Dante Font

The font Dante was designed by Giovanni Mardersteig and is owned by the foundry Monotype. This font was issued in 1933 and was created to work nicely with Times New Roman in his printing press. Mardersteig started development on this type face right after the World War when his printing press was fully operational again. This is an elegant serif font easy to read for the publication agency to use in different books. This project shows Mardersteig’s attention to perfectionism with such an elegant yet easy to read font, showing his skill and mixing together his experience from working on Centaur and Monotype Bembo. This font is also inspired by Mardersteig’s true inspiration, Giambattista Bodoni, who gave him permission to use his typefaces. Dante is also exceptionally important because it was the last font that Mardersteig designed in his professional career, this font’s presentation shows Mardersetig’s need for perfectionism in his work as well. Dante was also his most successful design, loved by many different designers.  After 6 years of development, the typeface was used in Boccaccio’s Trattatello in Laude di Dante. The typeface was also named after this work. The Monotype foundry also convinced the designer to let them develop the font using machines. The Dante font is now a classic in the world of graphic design, used for publishing and other projects.

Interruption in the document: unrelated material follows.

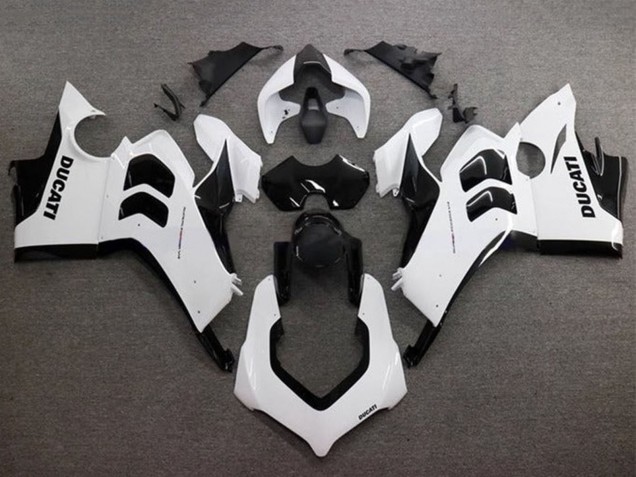 2020-2021 Glossy White Glossy Black Ducati Panigale V4 V4S Motorcycle Fairings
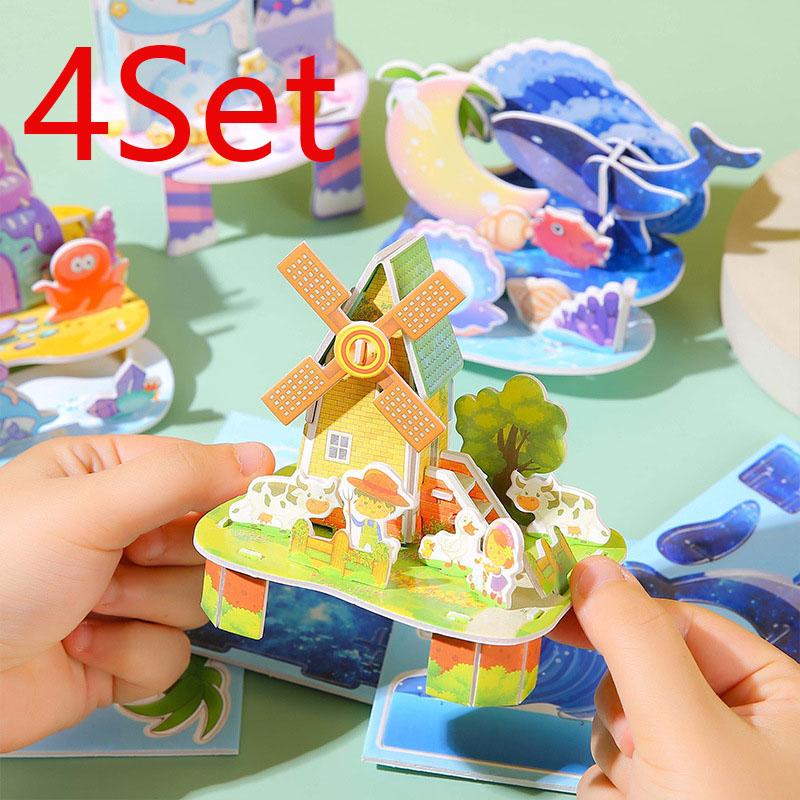 4 Set 3D Açılır Kart Yapboz Kiti - Kendin Yap Montaj El İşi, Çocuklar İçin Eğitici Yapım Oyuncağı, Eşsiz Öğrenci Hediye Fikri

Dante® font family typeface story. Fonts.com. (n.d.). Retrieved April 5, 2022, from https://www.fonts.com/font/monotype/dante/story

Discussion — One Response

  • Eryn Szwarckop 04/15/2022 on 10:21 PM

    Hi Savannah!
    I enjoyed reading your post on this font. This may be due to my poor eyesight, but when I first looked at and tried to read this font, I found myself squinting and doing a double take to make sure I could read what the words were saying. Some of the letters almost flow completely together, making it hard to read easily at first glance. Your point on how this font was made to work nicely with Times New Roman was interesting, as I view this font as looking similar to Times New Roman except in all capital letters. I am not sure if I could comfortably sit down and read a book that was printed in this font. What do you think?